Albrecht’s $15.99 Aronia Berry Wine – a semi-sweet standout – won a bronze at the 2015 Wine Competition of the North Dakota Grape and Wine Association. Other Wolf Creek wines have won awards in other competitions.
Godfrey’s Mount Zion sells a diverse quartet of aronia wines: Skinny Oak Aronia Wine, $16, Whole Notes Aronia Wine, $16, Party Foul, $16 and the apple and aronia Duet, $12.
The collection attests to the fruit’s versatility. “We give our wines different treatment to accommodate different tastes,” Godfrey indicates. “Our four aronia wine styles have moved rather evenly.” The two winemakers will compete against each other this year.
Both winemakers experimented to get the product they wanted. Godfrey teamed with a nearby winemaker.
During the winemaking process, Albrecht leaves the wine on the skins, “depending on the wine, probably three to five days, depending on fermentation.” He remarks that, “The longer you let it sit on the skin, the more tannins you’re going to get into your juice. We don’t simmer the concentrate. When it reaches a proper temperature for fermentation, we begin that process and monitor it on the skin, and when we press it, we don’t over-extract.”
Godfrey also varies fermentation, but for approximately two weeks, “based on fermentation speed, temperature, fruitiness, aromatics, color and skin thickness.” He prefers a darker wine and feels that it has more character.
Albrecht points out that aronia berries are considerably more expensive than some other fruits, and there’s no standard pricing, although volume is a factor. The price and quality of aronia varies greatly, but he feels fortunate this his North Dakota grower sells him high quality, handpicked berries “at a very fair market price.”

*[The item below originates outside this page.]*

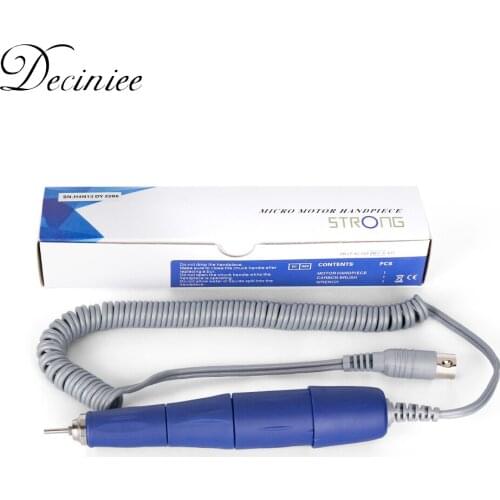 Фрезы для аппаратного маникюра Deciniee China At AliExpress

“We bought 100 pounds to try, then last year bought all we had room for,” Albrecht says. He observes that aronia is, “significantly more expensive than grapes. … (In my area,) it’s a seller’s market – more demand than berries.” He’s growing a small stand of his own.
The Marydel winery supplies aronia from its own orchard and purchases from other growers.
“We think aronia has a definite place in our winery and it’s part of our wine varieties,” Wolf Creek’s winemaker continues. “It’s a good berry to work with. It’s a clean berry. Other than the little bit of astringency, it’s very easy to work with.”